Required action:
Of the lines below, write out exactly those from the line with "UMELOK Ensembles rashguard" through the line with "Vitakraft Drops Hamster", both included, and skip the rest.

Exercise material:
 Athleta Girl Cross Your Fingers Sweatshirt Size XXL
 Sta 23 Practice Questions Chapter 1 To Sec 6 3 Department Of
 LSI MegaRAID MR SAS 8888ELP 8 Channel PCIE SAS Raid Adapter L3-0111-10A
...
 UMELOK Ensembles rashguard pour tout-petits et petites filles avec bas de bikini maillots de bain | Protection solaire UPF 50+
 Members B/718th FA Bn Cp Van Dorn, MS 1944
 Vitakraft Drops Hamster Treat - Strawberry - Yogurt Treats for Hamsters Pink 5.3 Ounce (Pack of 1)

Completed task:
 UMELOK Ensembles rashguard pour tout-petits et petites filles avec bas de bikini maillots de bain | Protection solaire UPF 50+
 Members B/718th FA Bn Cp Van Dorn, MS 1944
 Vitakraft Drops Hamster Treat - Strawberry - Yogurt Treats for Hamsters Pink 5.3 Ounce (Pack of 1)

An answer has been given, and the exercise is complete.